## Supplied records
§ §

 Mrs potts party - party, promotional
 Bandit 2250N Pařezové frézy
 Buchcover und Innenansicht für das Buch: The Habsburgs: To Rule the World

§ §

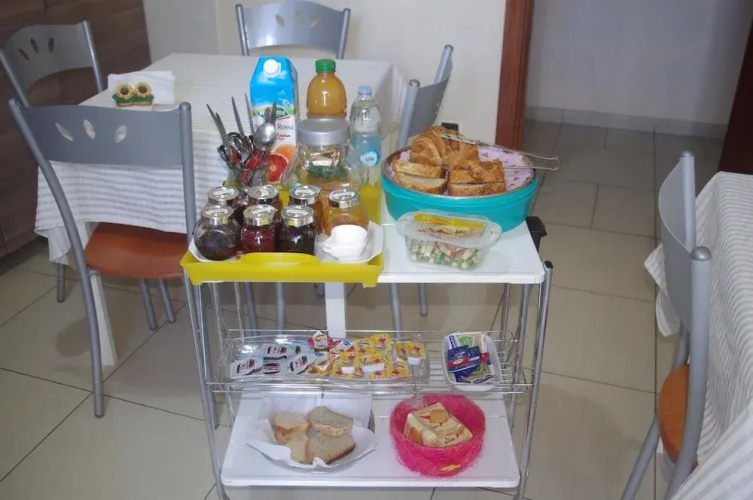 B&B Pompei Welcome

§ §

## What you will do
Only the lines above starting at the line that holds "Mrs potts party - party, promotional" and ending at the line that holds "Buchcover und Innenansicht" are to be repeated, exactly and in full.

## Result
 Mrs potts party - party, promotional
 Bandit 2250N Pařezové frézy
 Buchcover und Innenansicht für das Buch: The Habsburgs: To Rule the World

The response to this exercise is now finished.